Crypto ETFs to Overtake Precious Metals by 2025
Analysts at State Street forecast that crypto ETFs will outgrow precious metals in North America by the end of 2025, solidifying their status as the third-largest ETF asset class.
Cryptocurrency exchange-traded funds are projected to outpace precious metals in the U.S. by 2025, becoming the third-largest ETF category, following equities and bonds, according to the Financial Times, which cites State Street’s forecast.
> “We have been very surprised by the speed of growth of crypto. I expected there to be pent-up demand, but I didn’t expect it to be as strong as it was.”
> — Frank Koudelka, State Street’s global head of ETF solutions
In February, U.S. spot Bitcoin ETFs recorded over $3.5 billion in net outflows. State Street anticipates the U.S. Securities and Exchange Commission will permit ETFs based on altcoins in 2025. Koudelka noted, “there are a lot of other coins out there that ETFs can potentially solve for.” Furthermore, the bank predicts approval for “in-kind” trading for crypto ETFs, allowing transactions in crypto rather than cash.
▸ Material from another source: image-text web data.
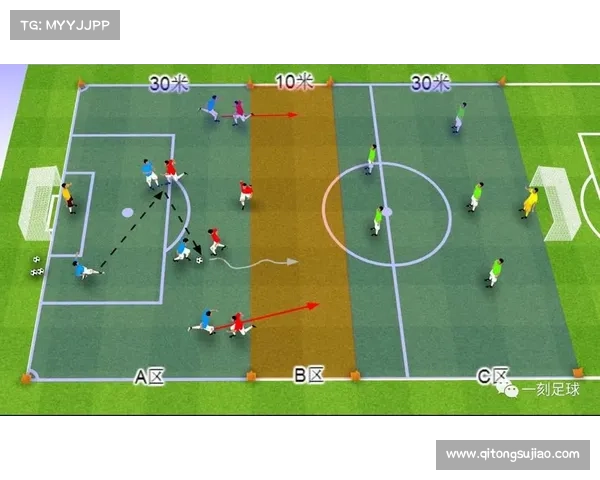 全面掌控足球虚拟队创建与高效管理的全流程进阶实用操作策略指南 全面掌控足球虚拟队创建与高效管理的全流程进阶实用操作策略指南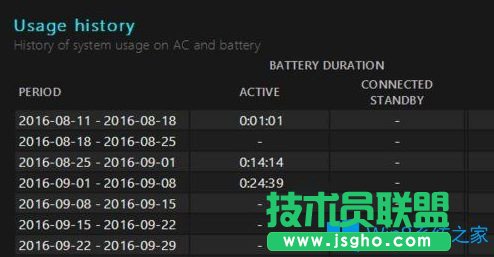 Win10系統(tǒng)如何查看電池損耗情況？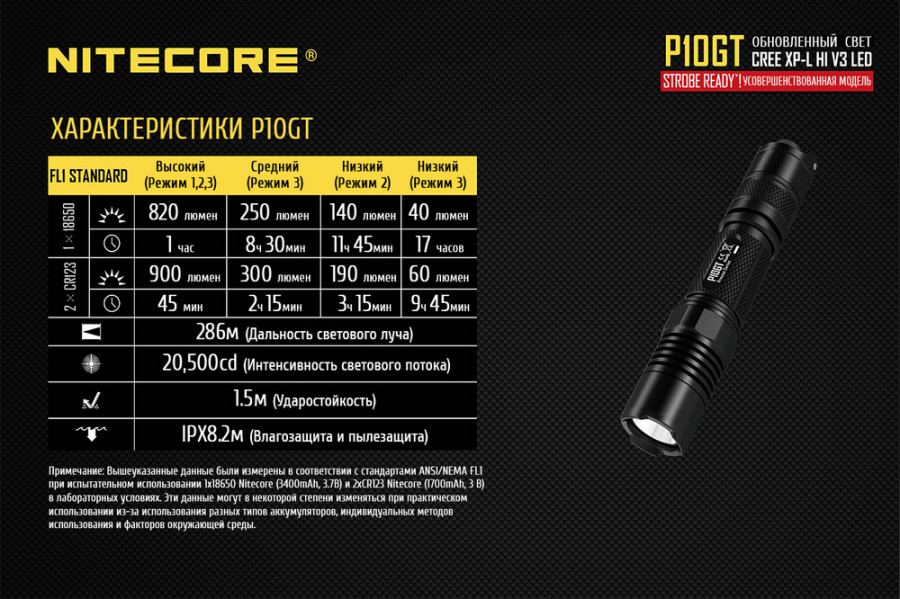 Фонарь Nitecore P10GT 34506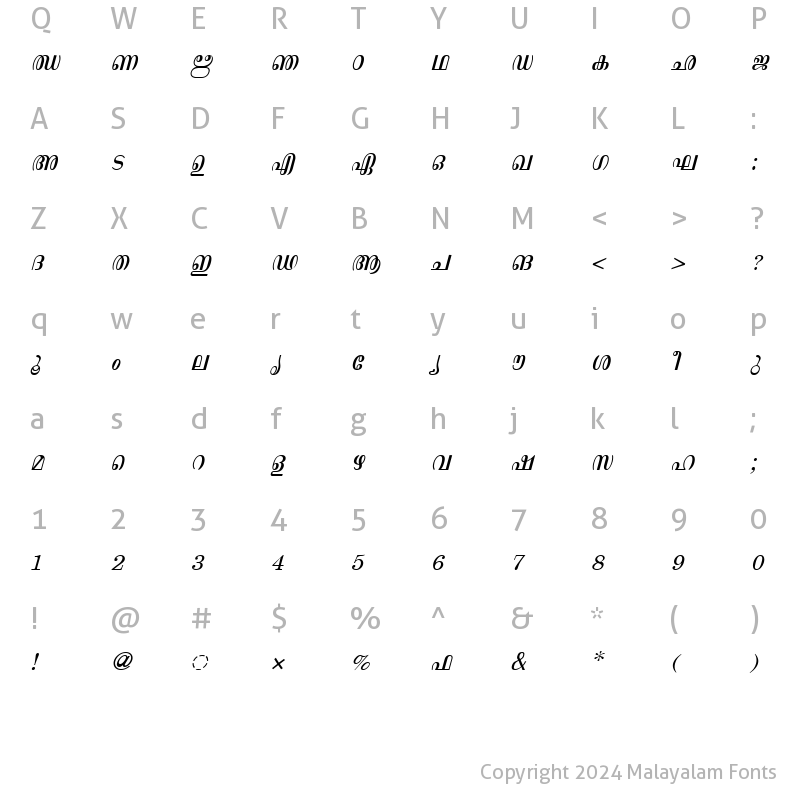 Character Map of ML-TTAswathi Italic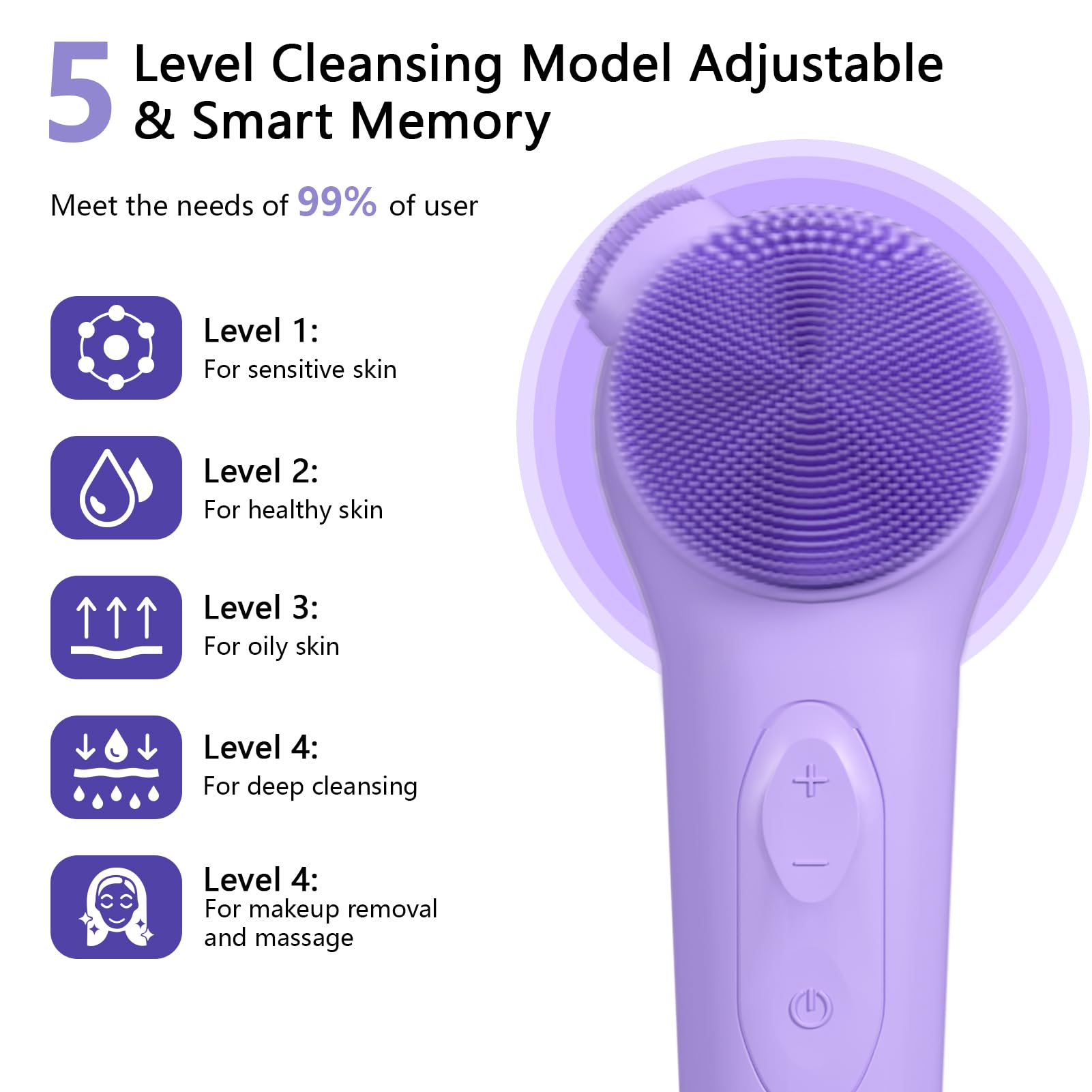 Adinc Silicone Face Scrubber, Waterproof Rechargeable Facial Cleansing Brush, 5 Cleansing Modes With Nose Brush For Women & Men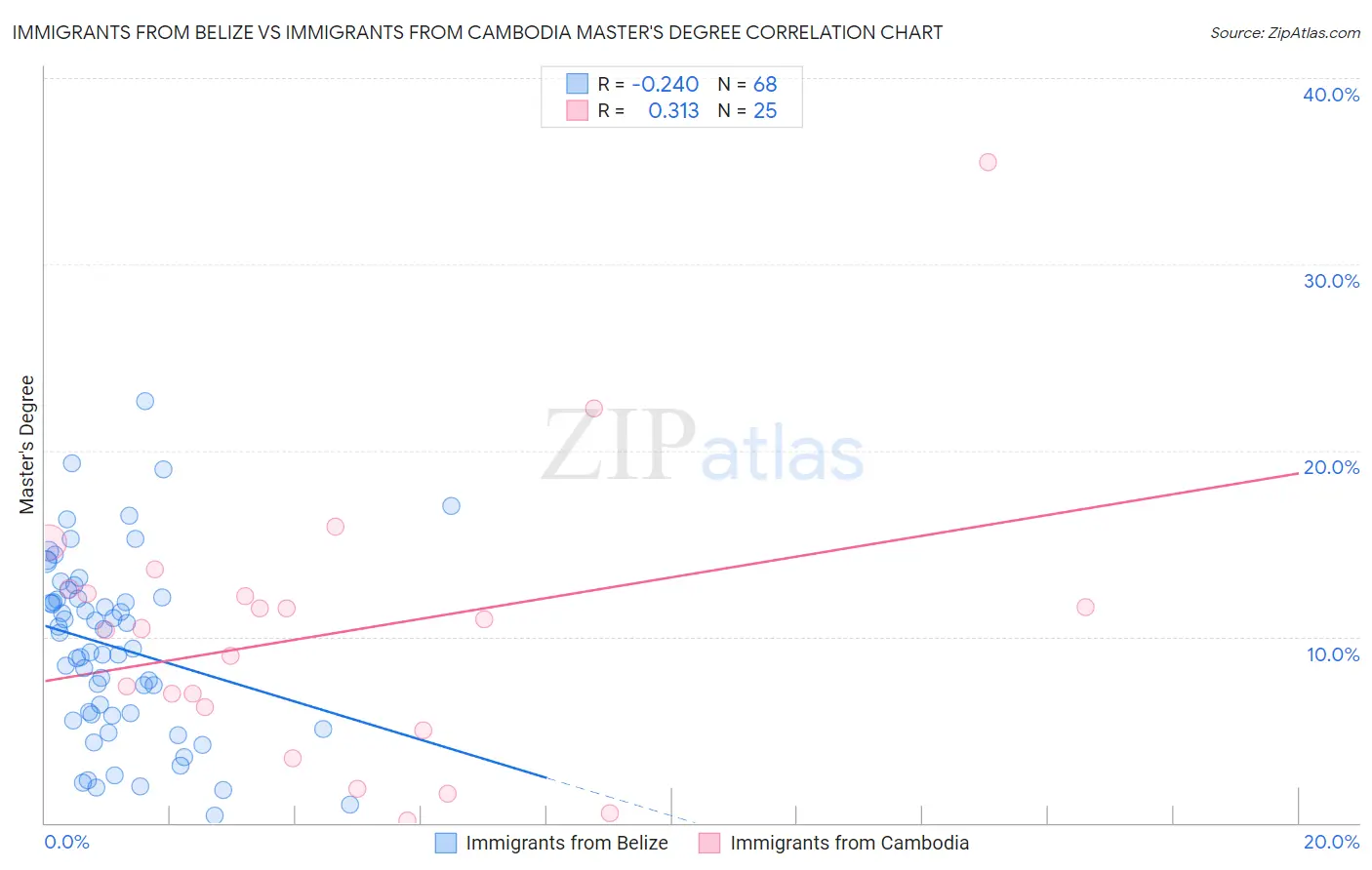 Immigrants from Belize vs Immigrants from Cambodia Master's Degree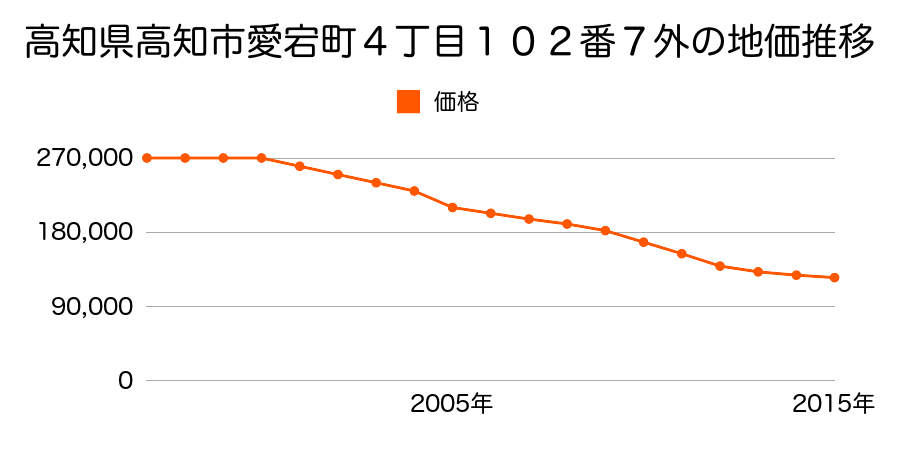 高知県高知市愛宕町４丁目１０２番７外の地価推移のグラフ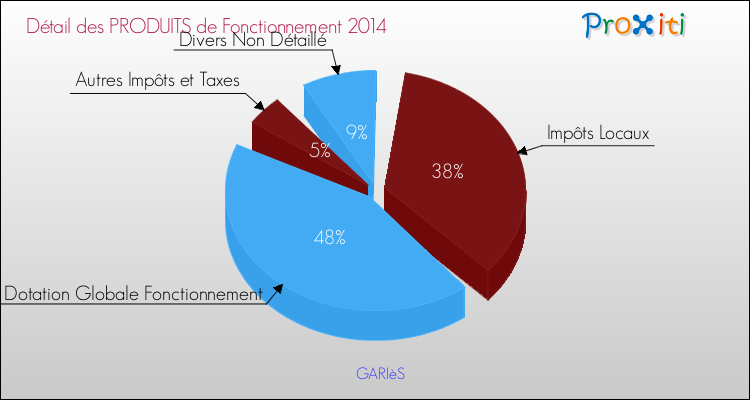 Décomposition du Budget de Fonctionnement 2014 de la commune de GARIèS Budget de Fonctionnement 2014 pour la commune de GARIèS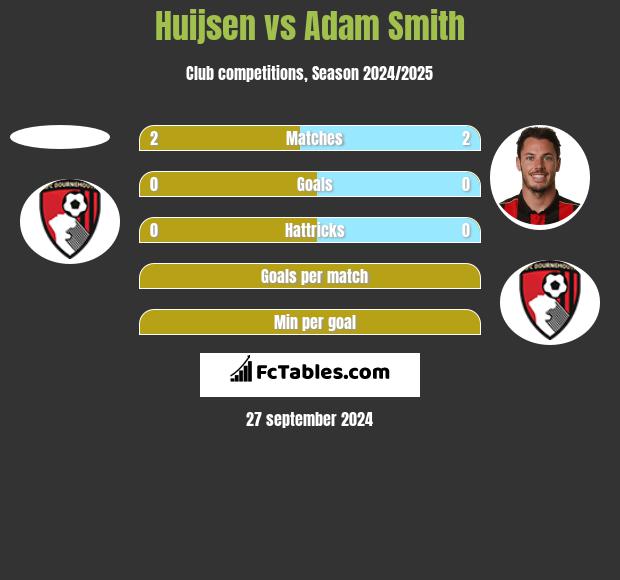 Huijsen vs Adam Smith h2h player stats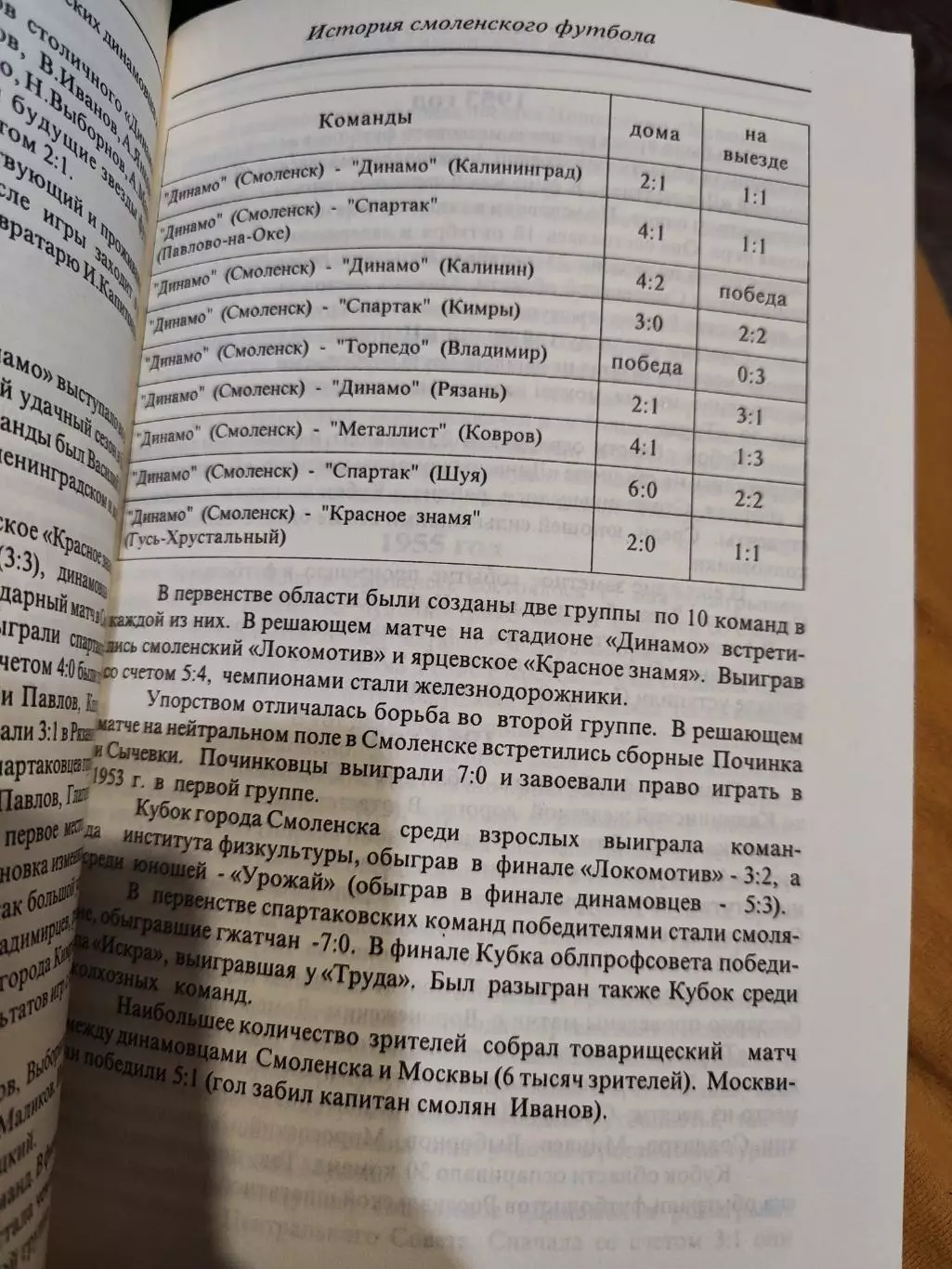В. Перепекин, В. Коженов. История смоленского футбола - 1996 3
As of late February, there are 39 crypto ETFs in the U.S., with a total of around $100 billion, according to ETF Database. BlackRock and Fidelity are significant players, with $57 billion and $20 billion in their crypto ETFs, respectively.
In contrast, North American precious metal ETFs, including the $85 billion SPDR Gold Trust, hold a total of $165 billion. However, analysts at State Street expect crypto ETFs to surpass this amount this year.